Hacker Newsnew | past | comments | ask | show | jobs | submitlogin
RCE via GitHub import (gitlab.com/gitlab-org)
184 points by louislang on Oct 10, 2022 | hide | past | favorite | 54 comments


> Sawyer is a crazy class that converts a hash to an object whose methods are based on the hash's key:

For those not familiar with Ruby terminology, "hash" in this context means what other languages would call a hash map, associative array, or dictionary. At first I thought it was referring to the hash of a value, and couldn't grok it.


For those on the Python side of things, https://box.readthedocs.io/en/development/ does something similar and is a great utility to reach for when you're handling trusted JSON-like data and need an API-like interface.

(The Django templating language does this too, albeit in a more magical way: https://docs.djangoproject.com/en/4.1/ref/templates/language...)

Just... make sure you're aware of the issue that the OP's RCE brings up!


> "hash" in this context means what other languages would call a hash map

Interesting. The only other time I've seen this term used for a hash map is in the context of Redis hashes [0], which confused me to no end when I first encountered them for the same reason. Given that Redis itself is written in C, I wonder where the term originated.

[0] https://redis.io/docs/data-types/hashes/


This got me curious, so I went and looked what it was called in a few languages.

  Perl: Hash
  Ruby: Hash
  PHP: HashMap
  Java: HashMap
  Haxe: Map
  Golang: map
  Swift: Dict
  Python: Dict
  C#: Dictionary
  Javascript: Object
  Redis: Hash
  Postgresql: hstore, json


Does PHP have a HashMap class now? I haven’t written PHP for a few years now but associative array used to be how they were referred to.

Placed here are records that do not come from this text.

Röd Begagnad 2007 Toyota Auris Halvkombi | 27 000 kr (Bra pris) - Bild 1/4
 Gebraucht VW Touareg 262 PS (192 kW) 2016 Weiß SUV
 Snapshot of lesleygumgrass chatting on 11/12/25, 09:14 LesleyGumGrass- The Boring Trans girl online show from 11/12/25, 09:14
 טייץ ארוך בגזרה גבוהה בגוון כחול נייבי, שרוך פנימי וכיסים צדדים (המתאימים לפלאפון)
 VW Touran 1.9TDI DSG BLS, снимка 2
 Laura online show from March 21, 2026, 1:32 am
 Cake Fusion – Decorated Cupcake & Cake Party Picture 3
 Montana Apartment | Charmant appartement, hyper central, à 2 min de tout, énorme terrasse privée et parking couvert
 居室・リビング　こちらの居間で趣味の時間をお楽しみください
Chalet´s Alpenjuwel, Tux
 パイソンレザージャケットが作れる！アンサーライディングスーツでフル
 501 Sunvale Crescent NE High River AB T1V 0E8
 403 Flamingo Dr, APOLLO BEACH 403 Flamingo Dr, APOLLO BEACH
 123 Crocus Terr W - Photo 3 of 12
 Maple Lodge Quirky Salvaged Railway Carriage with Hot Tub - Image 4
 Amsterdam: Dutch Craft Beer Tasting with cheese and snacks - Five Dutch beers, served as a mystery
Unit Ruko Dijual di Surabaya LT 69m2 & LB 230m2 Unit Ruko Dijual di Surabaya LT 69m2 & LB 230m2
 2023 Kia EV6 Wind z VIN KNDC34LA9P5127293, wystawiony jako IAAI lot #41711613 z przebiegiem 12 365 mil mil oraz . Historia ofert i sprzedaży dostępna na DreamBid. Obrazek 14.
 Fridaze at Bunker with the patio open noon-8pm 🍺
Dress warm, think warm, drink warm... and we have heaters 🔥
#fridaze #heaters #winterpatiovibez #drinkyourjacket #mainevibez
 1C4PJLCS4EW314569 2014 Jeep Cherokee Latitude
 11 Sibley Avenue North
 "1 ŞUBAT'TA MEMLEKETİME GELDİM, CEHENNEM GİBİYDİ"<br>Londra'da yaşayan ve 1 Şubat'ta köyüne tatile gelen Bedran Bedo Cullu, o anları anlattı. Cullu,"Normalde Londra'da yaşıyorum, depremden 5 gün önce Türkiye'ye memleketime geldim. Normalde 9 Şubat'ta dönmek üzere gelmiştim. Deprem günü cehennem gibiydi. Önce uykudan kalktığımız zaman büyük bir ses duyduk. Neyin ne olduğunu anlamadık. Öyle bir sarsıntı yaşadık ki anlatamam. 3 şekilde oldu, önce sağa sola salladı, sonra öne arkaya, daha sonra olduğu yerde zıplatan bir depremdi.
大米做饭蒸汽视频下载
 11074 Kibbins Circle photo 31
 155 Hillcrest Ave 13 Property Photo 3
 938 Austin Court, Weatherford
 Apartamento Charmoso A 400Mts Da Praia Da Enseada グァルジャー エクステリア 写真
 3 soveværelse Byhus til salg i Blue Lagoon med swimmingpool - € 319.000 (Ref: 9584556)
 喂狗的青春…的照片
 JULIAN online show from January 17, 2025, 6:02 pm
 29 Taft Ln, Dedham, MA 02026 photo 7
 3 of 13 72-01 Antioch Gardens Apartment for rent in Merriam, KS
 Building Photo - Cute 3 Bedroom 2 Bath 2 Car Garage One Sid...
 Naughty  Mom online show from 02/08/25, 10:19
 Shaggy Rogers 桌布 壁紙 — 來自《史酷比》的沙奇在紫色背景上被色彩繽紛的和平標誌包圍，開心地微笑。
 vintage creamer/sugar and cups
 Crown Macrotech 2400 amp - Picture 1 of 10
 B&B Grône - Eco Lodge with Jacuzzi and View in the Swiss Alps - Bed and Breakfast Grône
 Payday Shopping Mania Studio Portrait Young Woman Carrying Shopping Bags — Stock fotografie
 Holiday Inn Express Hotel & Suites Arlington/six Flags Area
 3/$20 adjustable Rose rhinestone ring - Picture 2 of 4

It doesn't, at least according to the current documentation.

Not sure why they would need a class for that when they already have a primitive type that does the job. I guess maybe a new OO interface will have its parameters ordered more consistently?


Yeah, I pretty sure Perl also called them associative arrays, but like you I haven’t written much Perl since Perl 4/5.


In all my time as a Perl dev (since 1996) I don't think I've ever heard the term "associative array" except at the start of `perldoc perldata` - which says they're known as hashes and then never uses the term again.

    DESCRIPTION
      Variable names
        Perl has three built-in data types: scalars, arrays of scalars, and
        associative arrays of scalars, known as "hashes". A scalar is a single
        string (of any size, limited only by the available memory), number, or a
        reference to something (which will be discussed in perlref). Normal
        arrays are ordered lists of scalars indexed by number, starting with 0.
        Hashes are unordered collections of scalar values indexed by their
        associated string key.
Hash is ubiquitous.


Yes they used to be called Associative Arrays. I think the change occurred between Perl4 & Perl5.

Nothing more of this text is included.